Und aus Sicht von Bäuerinnen und Bauern?
Man merkt, dass die Bereitschaft, sich mit dem Wolf irgendwie zu arrangieren, in betroffenen Gebieten mehr und mehr schwindet. Ich denke da an Landwirte, die in stark betroffenen Gebieten mit hoher Wolfspopulation wie der Surselva schon heute an die Grenzen des Zumutbaren kommen. Da bröckelt die Bereitschaft eines «Miteinanders» doch merklich.

Auch wenn Sie heuer nicht selbst zur Jagd gehen können. Was erwarten und erhoffen Sie sich von der diesjährigen Bündner Jagd?
Einerseits, dass wir mit der ganzen Jagd bis Dezember die vorgegebenen Abschusspläne erfüllen können. Dann natürlich, dass sich keine Unfälle ereignen und das Wetter mitspielt, so, dass Jägerinnen und Jäger eine gute und erlebnisreiche Jagdzeit in der Natur erleben können. «In bocca d’luf!»

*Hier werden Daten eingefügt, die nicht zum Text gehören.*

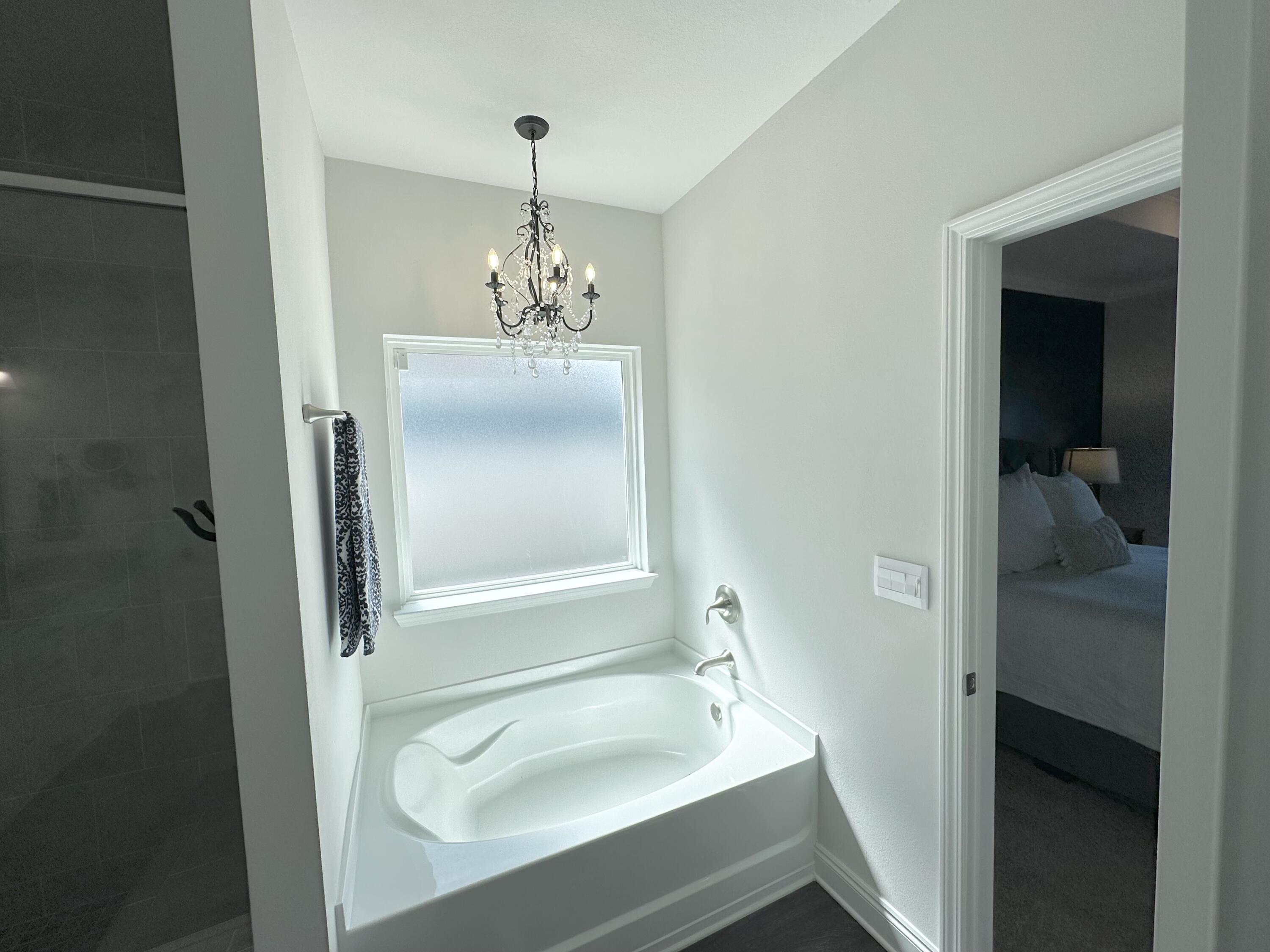 165 Martingale Loop Lynn Haven, FL 32444 - Photo 14 of 37 a bathroom with a sink and a mirror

*Dr. med. vet. Adrian Arquint aus Zizers ist in Scuol geboren und aufgewachsen. Der 49-Jährige ist seit dem 1. Februar 2018 Vorsteher des Amtes für Jagd und Fischerei Graubünden. Der heutige Jagdinspektor studierte an der Uni Zürich Veterinärmedizin und doktorierte 2002 zum Thema «Bovine Virus Diarrhoe». Zwischen 2002 und 2009 war er Assistenztierarzt für Gross- und Kleintiere und übernahm danach die Leitung des Inspektorats Primärproduktion beim Amt für Lebensmittelsicherheit und Tiergesundheit (ALT) in Chur. Die EP/PL hat in der Ausgabe vom 18. August ihre traditionelle Jagdbeilage publiziert, unter anderem mit einem Beitrag von Adrian Arquint über die aktuellen Neuerungen der Bündner Hochjagd 2020.